Sen. Joe Biden, left, then the Democratic Party’s vice-presidential nominee, embraces his son, Joseph R. “Beau” Biden III onstage at the Democratic National Convention in Denver, Co. on Wednesday, Aug. 27, 2008. (AP Photo/Charles Dharapak)

Just before Christmas 1972, I pulled a sheet of paper from my new stationery box and penned a letter to Joe Biden in an awkward cursive: “Dear Senator Biden, I was very sorry to read about the passing of your wife and daughter…” the note began.

I was 15 years old.

Why would a teenager write a sympathy note to a United States senator? I think it was a combination of the fact that as an aspiring young politico, I already had a sense of Biden as an idealistic, emotional man — and that I was deeply upset by the shocking deaths of his wife Neilia and daughter Naomi in a car accident while on a trip to buy the family’s Christmas tree.

I was also struggling to explain the unexplainable.

I’d yet to experience a death in my own family and the bubble of certitude I had been born into was pretty much intact until I heard about the Biden deaths. In time I’d learn that lesson more fully, but back then I had only a glimmer that in life, to borrow from Dashiell Hammett, we live only while blind chance spares us. Or, as the vice president himself said at Yale’s commencement only last month: “Reality has a way of intruding” into one’s life.

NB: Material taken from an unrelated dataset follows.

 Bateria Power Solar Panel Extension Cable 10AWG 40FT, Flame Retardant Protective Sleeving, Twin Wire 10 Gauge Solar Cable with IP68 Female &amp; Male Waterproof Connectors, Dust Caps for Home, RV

After I put my sympathy note into the mail, I forgot about it until several months later when a cream-colored envelope arrived for me from “Joseph R. Biden, Jr. Delaware United States Senate Washington D.C.”

“Dear Mr. Petrow,” read the letter inside:

Dear Mr. Petrow: I offer a belated thank-you for your kind words of condolence. I deeply appreciate your sentiments. I owed so very much to Neilia. She had a talent for making not only her own life worthwhile but also the lives of those around her. She was both a loving mother and a loving wife. In addition, she was my political confidant, in whose judgment I had implicit and utmost trust. Neilia looked forward to our coming to Washington. Now our life has been completely torn apart by an event I shall never completely understand. Neilia deserved better. Thanks so much for your note. It was deeply appreciated. Best wishes, Joe Biden

Written on a manual typewriter, Biden’s letter has withstood four decades in my home filing system. It’s also become an artifact of my teenage years, a hard-copy touchstone to an era long gone.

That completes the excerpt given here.